--- SUPPLIED RECORDS ---
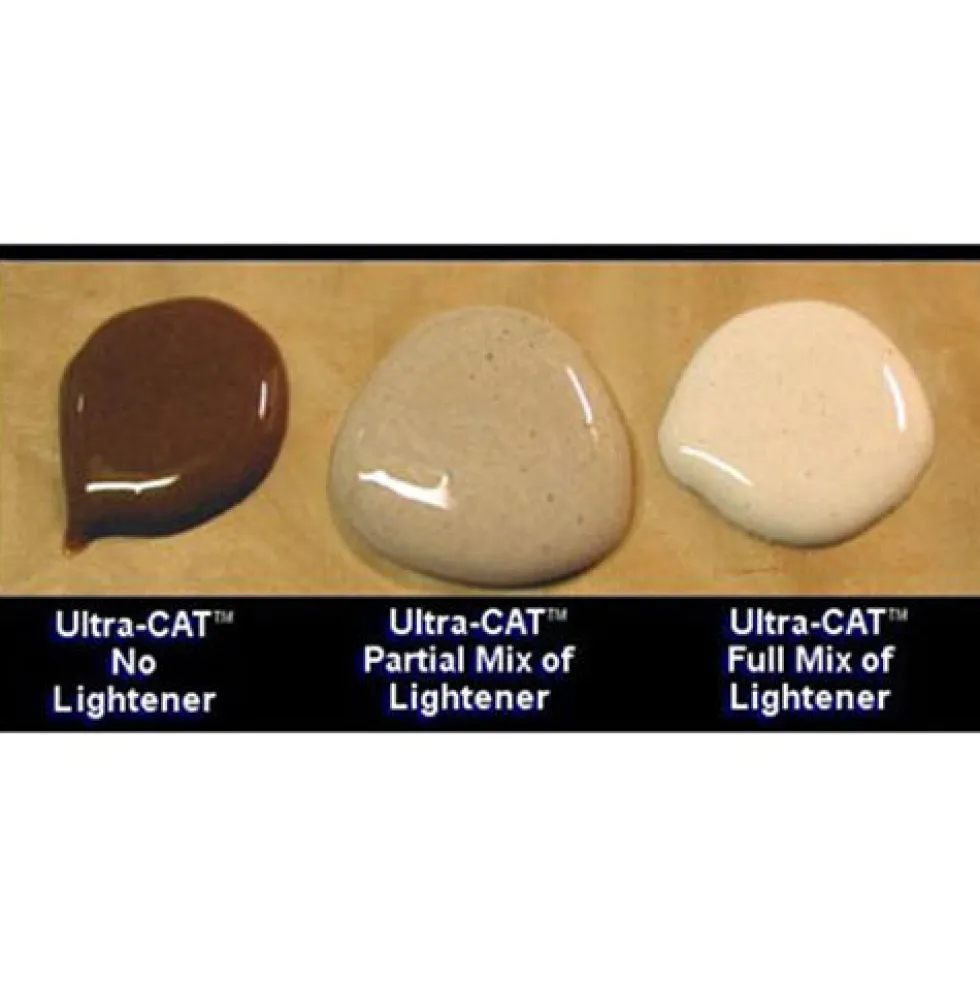 Ultra-Cat Lightener - 8oz.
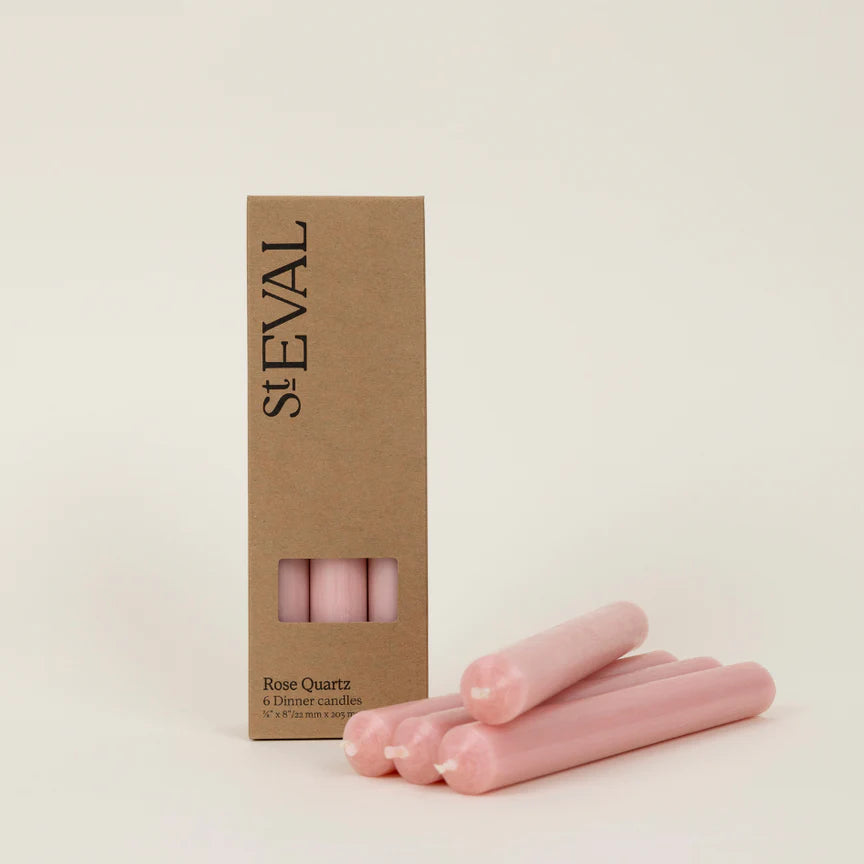 Dinner Candle Gift Pack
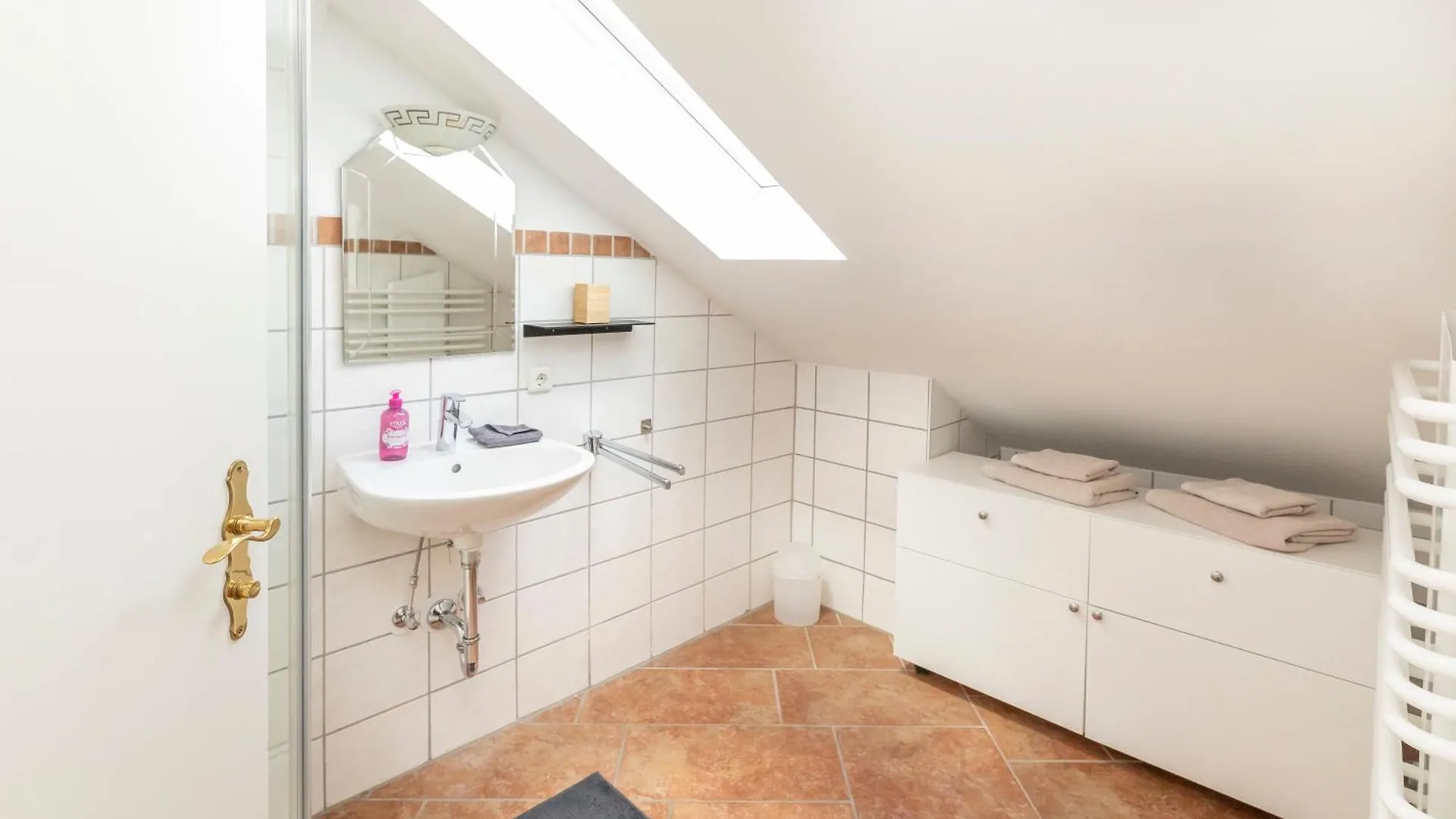 Rittersstuben Apartment Garmisch-Partenkirchen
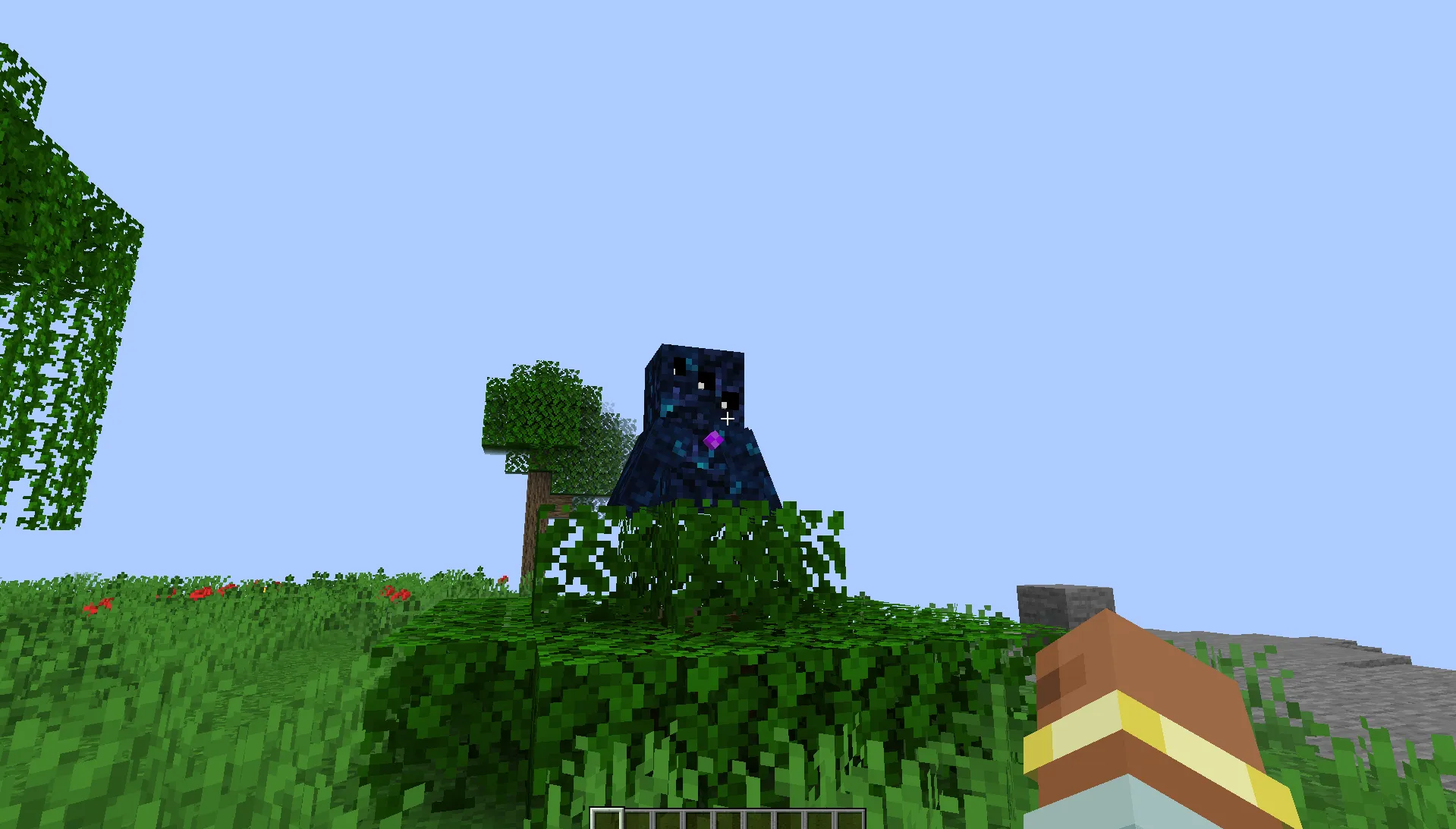 Ascend — скриншот 2 (Моды, Minecraft)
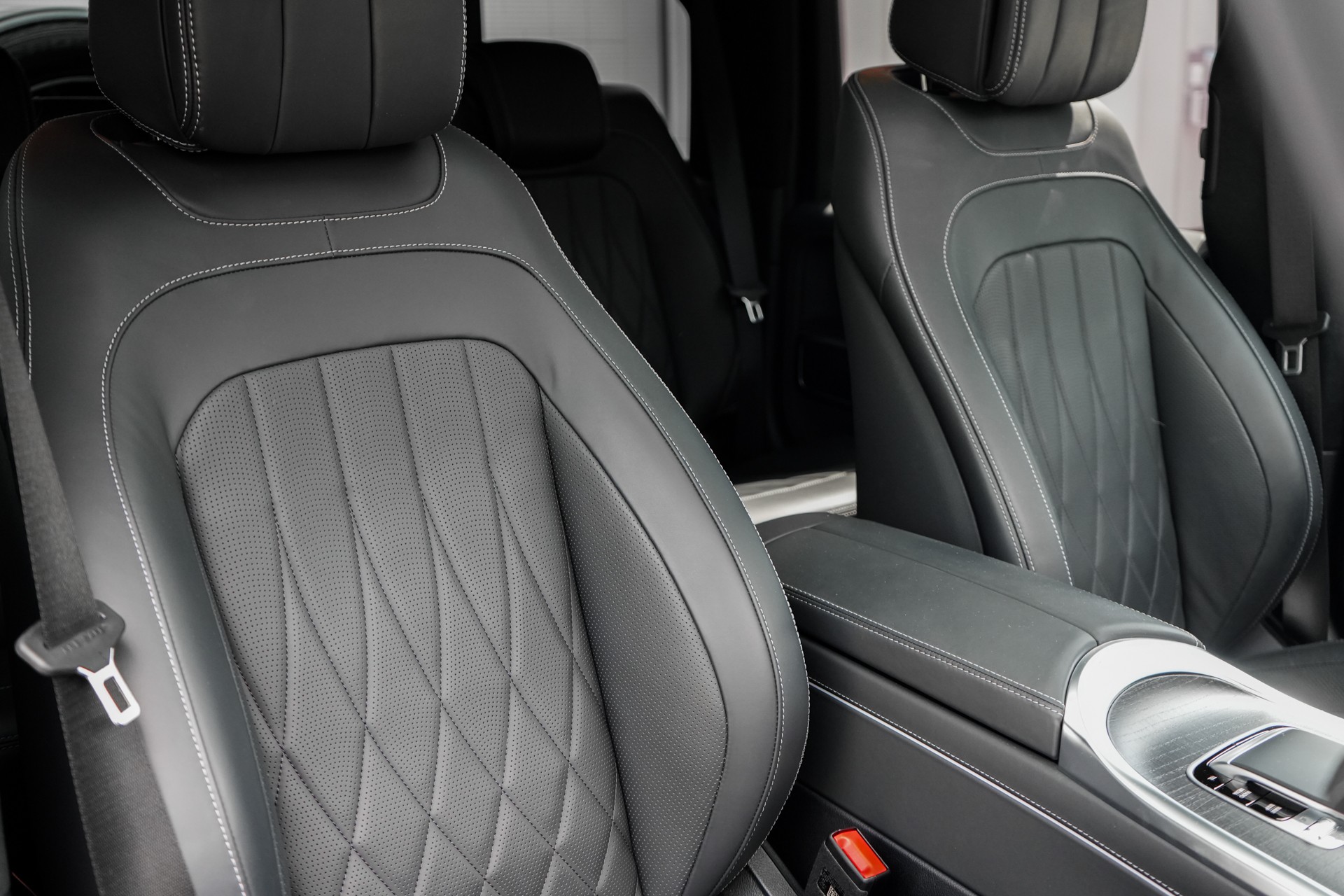 MERCEDES-BENZ G 500 9G-Tronic-image-14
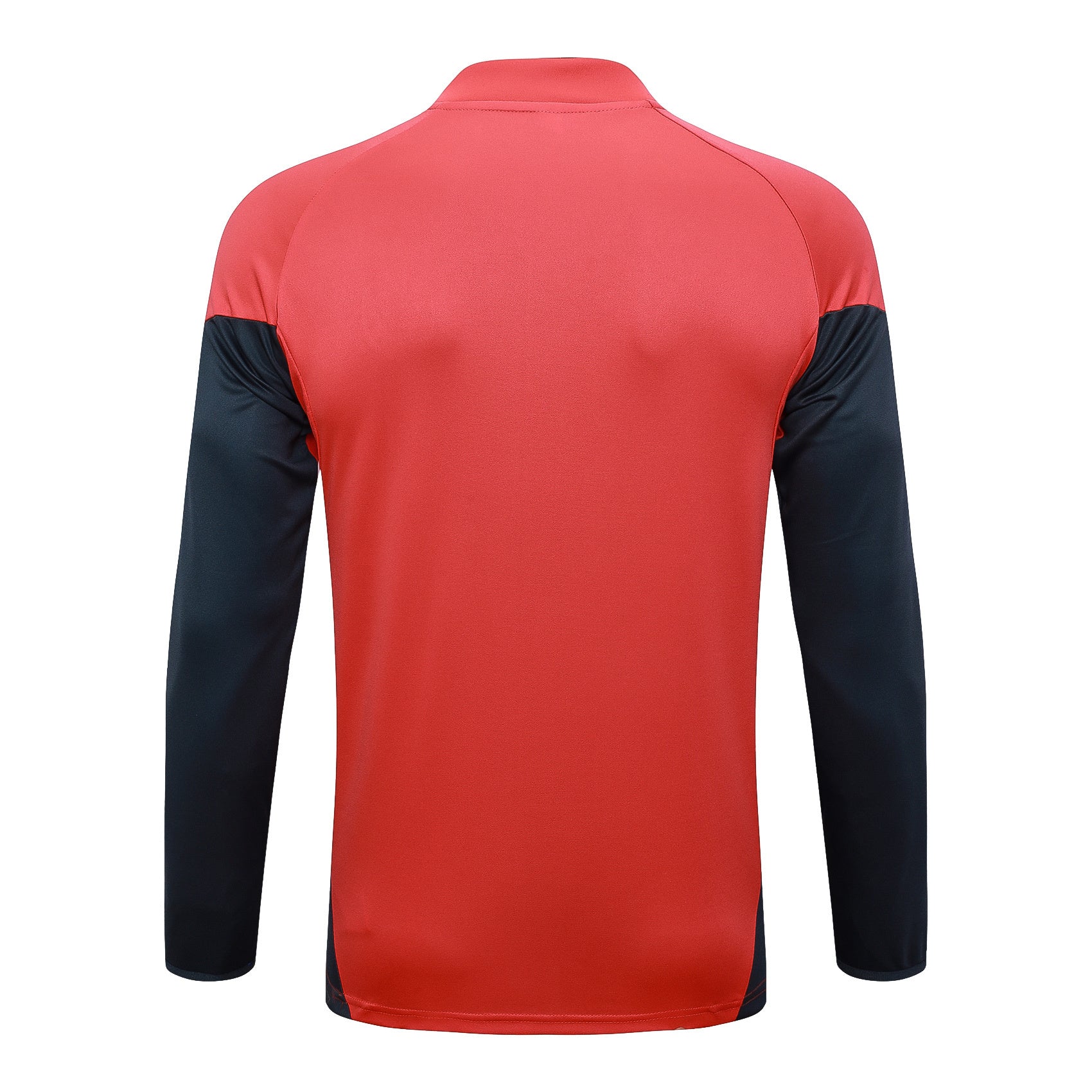 Fato de Treino FC Bayern Munique 2025-26 - Camisola com Fecho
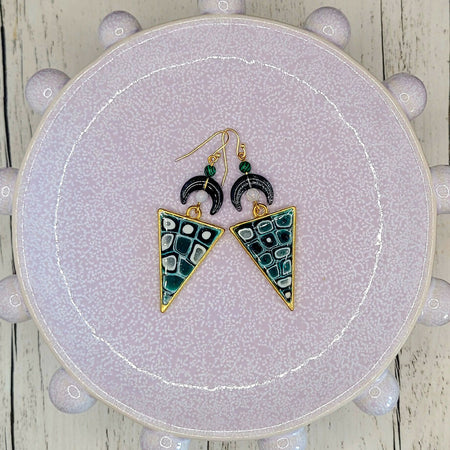 Modern Tribal Elegance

--- TASK TO CARRY OUT ---
Only the lines from the one that holds "Fato de Treino" through the end of the records above should be printed again, exactly as they are. Leave out the pictures.

--- TASK RESULT ---
 Fato de Treino FC Bayern Munique 2025-26 - Camisola com Fecho
 Modern Tribal Elegance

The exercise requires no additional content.